** Dataset extract follows **
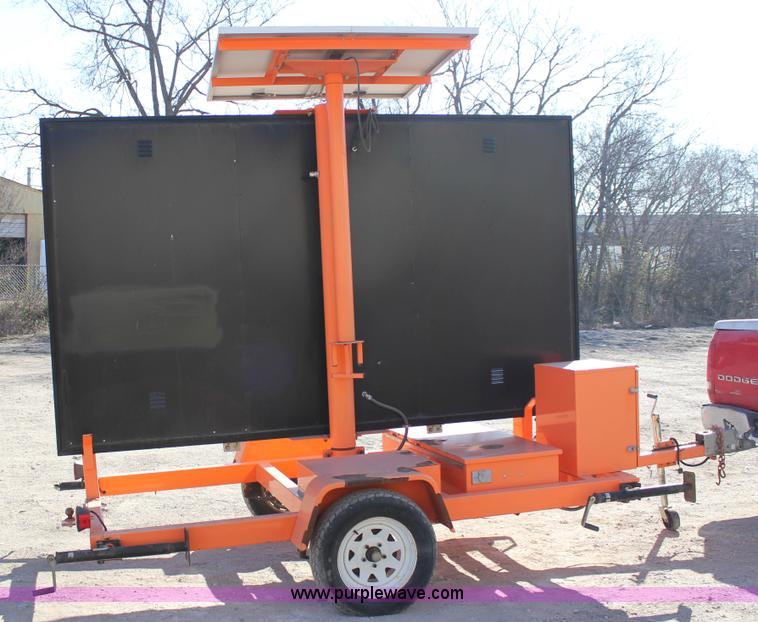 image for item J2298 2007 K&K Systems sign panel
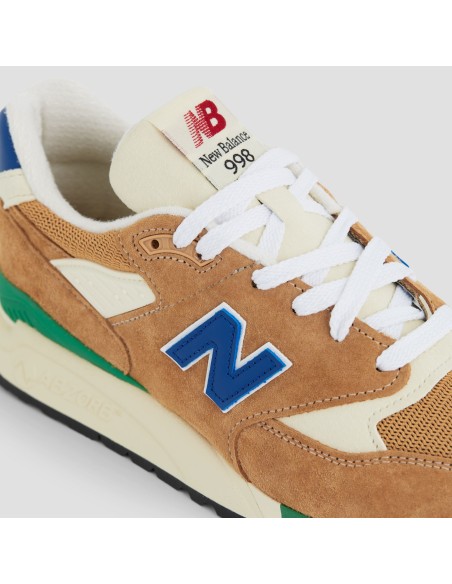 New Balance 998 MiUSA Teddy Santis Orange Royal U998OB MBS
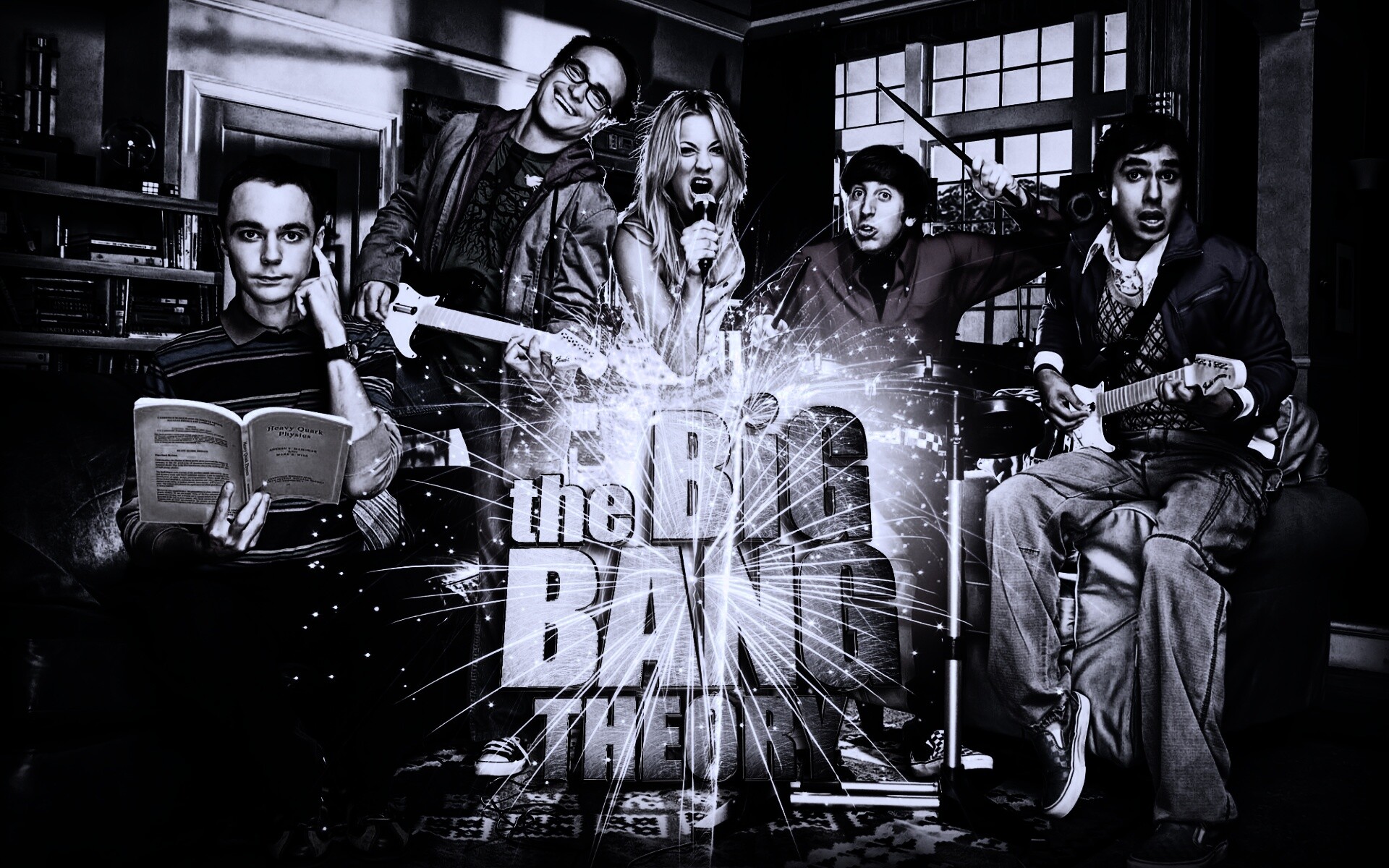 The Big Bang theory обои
** End of Dataset extract **
__Your objective__
Your copy must repeat the data word for word and show none of its images.

__Answer to this task__
 image for item J2298 2007 K&K Systems sign panel
 New Balance 998 MiUSA Teddy Santis Orange Royal U998OB MBS
 The Big Bang theory обои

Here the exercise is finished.